Adaptec will assume all outstanding shares of privately held DPT, as well as the cost of taking on its stock option plan.
DPT makes RAID controllers and other storage products for sale directly to PC manufacturers or resale through wholesalers to computer dealers.
Adaptec will use DPT's technology to further its penetration into the storage area network, external RAID, and Unix storage markets.
In the short term, Adaptec will support DPT's existing customers and products, but the company plans to merge product lines as soon as possible.
"RAID is one of the key growth areas, particularly because of the demand for online information and people's desire to protect it," said Bob Schultz, Adaptec's chief operating officer. "This acquisition is about how we continue to feel that growth in our RAID business. We believe a key to winning in that market is having a family of products that allow customers a smooth migration, so they can move from an integrated RAID solution up to a storage area network."

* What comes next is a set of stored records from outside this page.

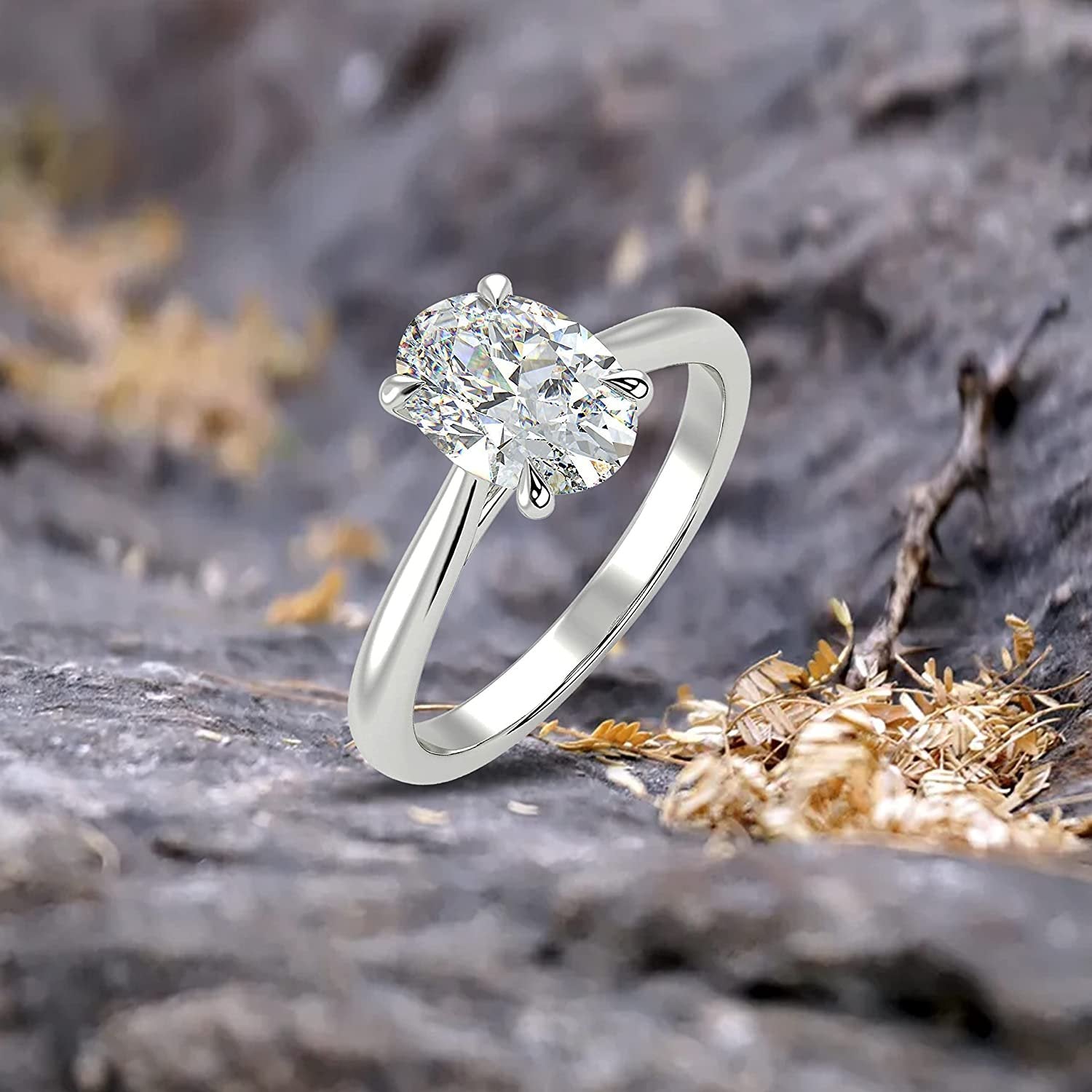 14K Gold Classic Solitaire Engagement Ring | Carbon Atelier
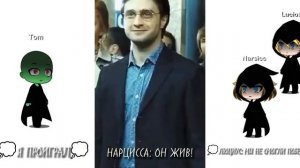 Реакция пожирателей смерти на Гарри Поттера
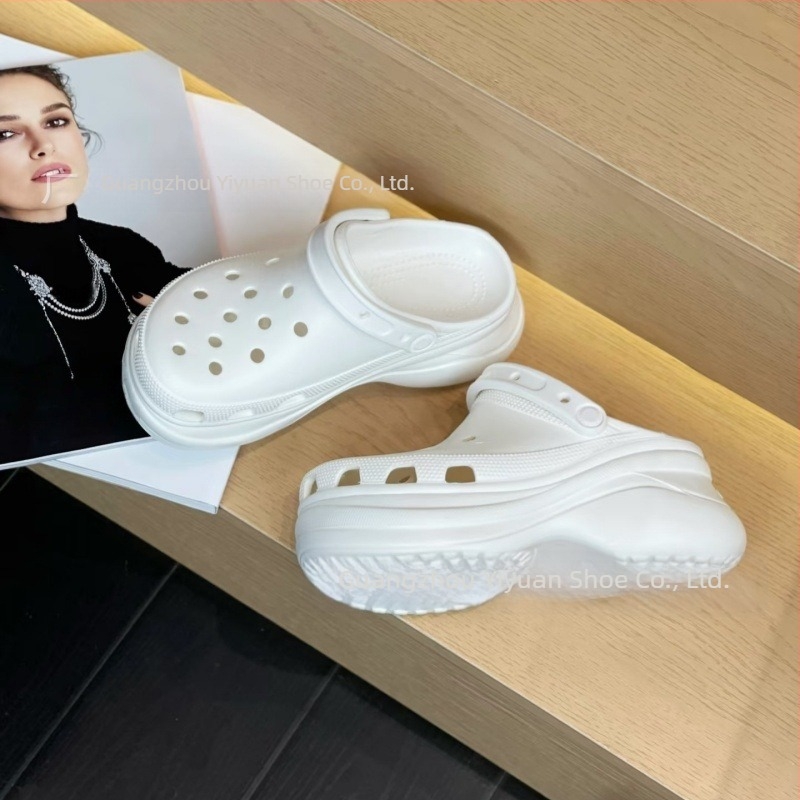 Uniszex lyukas cipő – EVA felsőrész és EVA talp, 7 cm vastag talp; vízálló, könnyű, csúszásmentes és ütéscsillapító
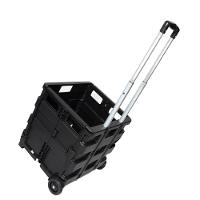 Carrinho De Compras Dobrável 45kg – Compacto, Resistente E Ideal Para Transporte Multiuso - 1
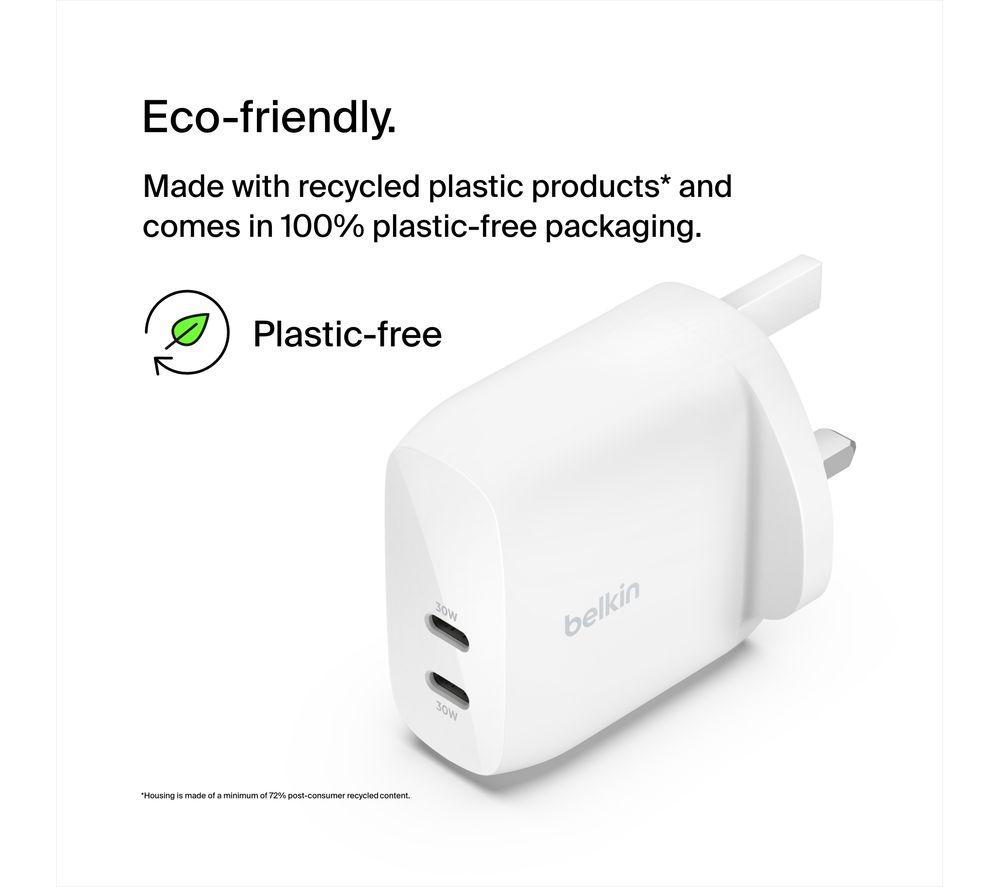 BELKIN WCB010myWH Universal Dual USB Type-C Mains Charger image number 2 of 3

Adaptec expects to conclude the acquisition sometime between mid-December to mid-January. The company plans layoffs related to the merger.

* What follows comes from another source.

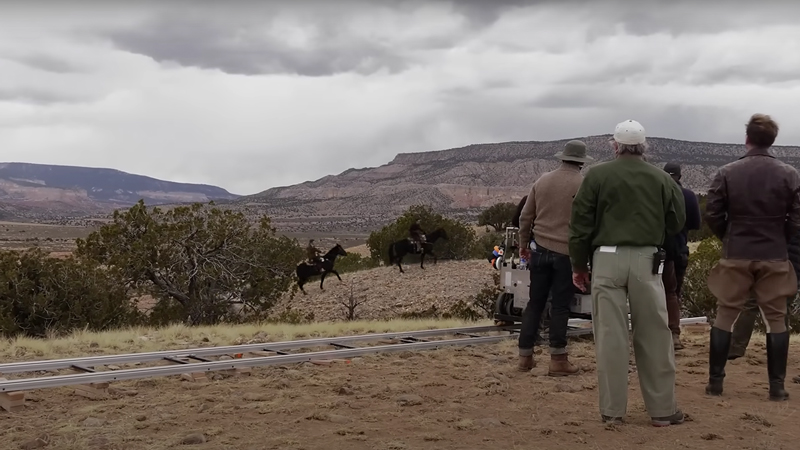 Oppenheimer production in New Mexico desert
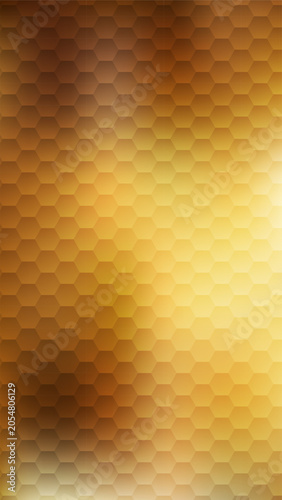 An abstract digital graphic featuring a continuous hexagonal honeycomb mesh pattern overlaying a smooth and modern gradient background.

Adaptec's strength is more in embedded and integrated RAID solutions, but through DPT the company will bolster its portfolio of external RAID products, which are essential building blocks for storage area networks.

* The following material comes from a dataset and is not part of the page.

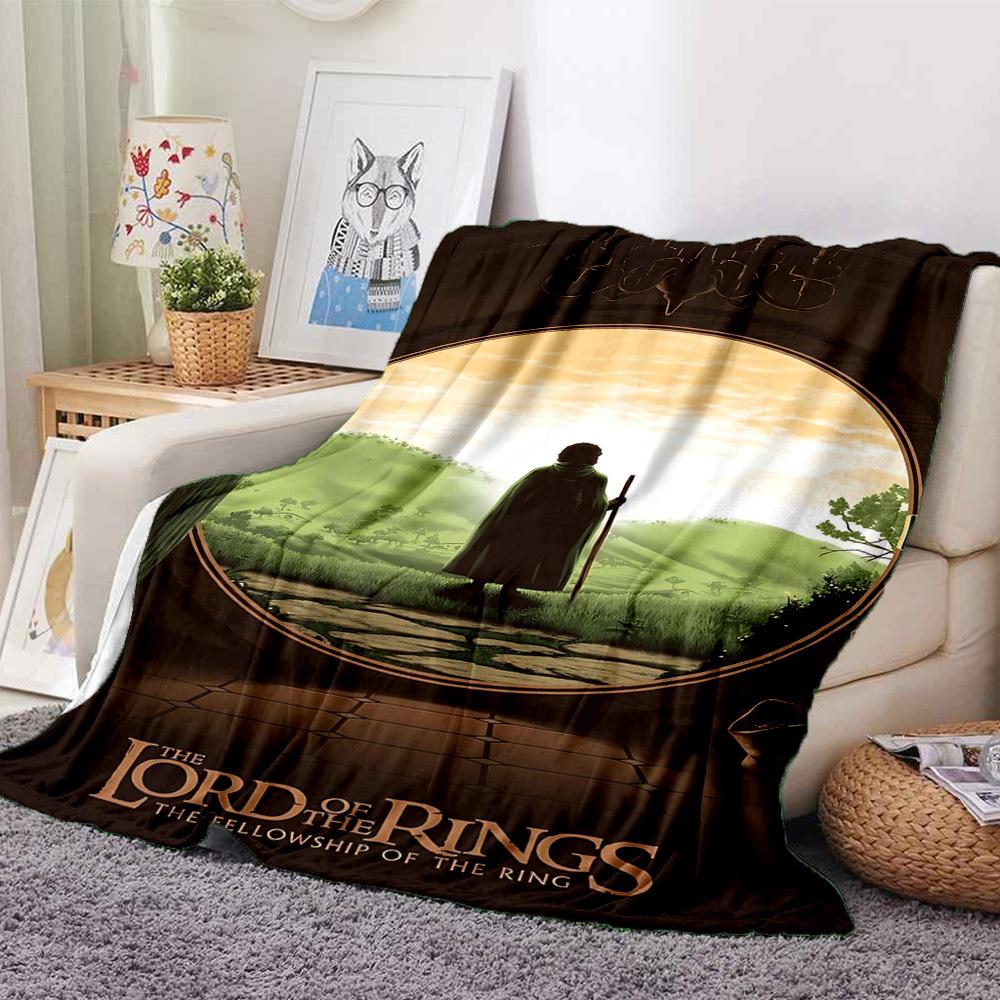 1 Stück Der Herr der Ringe Decke Leichte Flanell-Kuscheldecke für Sofa, Bett, Reise, Wohnzimmer, Büro, Couch, Stuhl und Bett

Where Adaptec gains most is its RAID board controller business, which are components essential to developing larger components for connecting storage area networks to servers, said James Porter, president of Disk/Trend.
Adaptec and DPT sold about 42,000 and 56,500 RAID controller boards, respectively, in 1998, far behind market leader American Megatrends with 258,000, according to Disk/Trend.
"It's a move that would essentially double the RAID board business that Adaptec has and strengthens their movement into RAID board controllers, although it doesn't put them in a leadership position," Porter said.